When I pull up this website on my browser, the tab at the top of my screen says, “Culinate – Eat to Your Ideal.”  I’ve been thinking a lot about that, because I find that this website speaks to me on a lot of different levels.  To be sure, the writing herein is articulate, literate, thoughtful, provocative, at times, absolutely sublime.  The recipes are intriguing.  The personalities are charming and fascinating.  I spend a lot more time here than anywhere else; wanting to read every word, try every recipe, explore every point of view, visit every farmers’ market.  But what does this mean to me:  Eating to My Ideal?  

I’m thinking that each of us has an “ideal” that isn’t quite exactly like anyone else’s.  Probably that goes without saying.  Still, I’d guess that pretty much all of us are working toward an ideal of eating mostly fresh, whole, sustainably-raised foods, found locally and in season as much as possible, and prepared mostly in our own kitchens in ways that respect the ingredients as well as our bodies.  And yet, I’m sitting here at 4 in the morning eating a leftover slice of big chain delivery pizza from last night, and drinking a glass of diet carbonated horror that was delivered with it.  And do I feel guilty?  Well, a little.  But maybe only a little.  
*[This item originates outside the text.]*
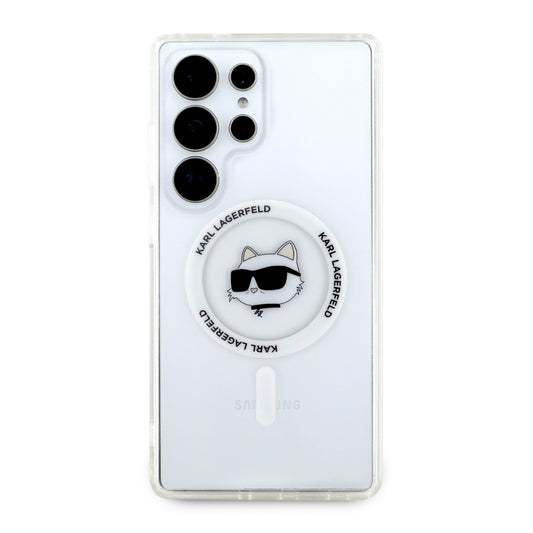 MagSafe Case for Samsung Galaxy S25 Ultra S938, Karl Lagerfeld, IML Choupette's Head, White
My mom was a good cook.  But the standards of the 50’s and early 60’s, when I was young, weren’t the same as the standards we have now.  She also had to deal with a husband who was a phenomenally picky eater – Mr Meat-and-Potatoes, whose only green vegetable choices were canned asparagus, canned spinach (drowned in white vinegar), canned green beans, and guacamole when we ventured out for our weekly Mexican food fix.  Dad liked it, so we ate Spam®.  When we ate salads, it was iceberg lettuce, and nothing else.  We didn’t eat hot dogs at home because Dad didn’t like them.  That was probably a good thing.  But we also didn’t eat cucumbers, broccoli, cantaloupe (or any other type of melon), or Brussels sprouts because Dad not only didn’t like them, but wouldn’t allow them in the house!  I was in my early 20’s before I ever tasted an artichoke, even though they grew on farms only a few miles away from where I grew up.  I’ve only recently learned to appreciate fresh asparagus!  And, because we were sorta poor, we ate a lot of beans (which Mom didn’t like, but fixed for the rest of us because Dad, amazingly, did), and “casseroles” that mostly consisted of hamburger, shell noodles, and tomato sauce, topped with cheddar cheese.  I still like, and eat, a lot of beans.  Thankfully, to this day, I have never once eaten a casserole with hamburger in it since I left home.  For about a year, I remember my mom kinda going on strike – and my brother and I ate TV dinners (the old kind, in foil trays), in hog heaven and too youthfully stupid to realize it was supposed to be a sort of punishment for not appreciating her efforts at feeding us.  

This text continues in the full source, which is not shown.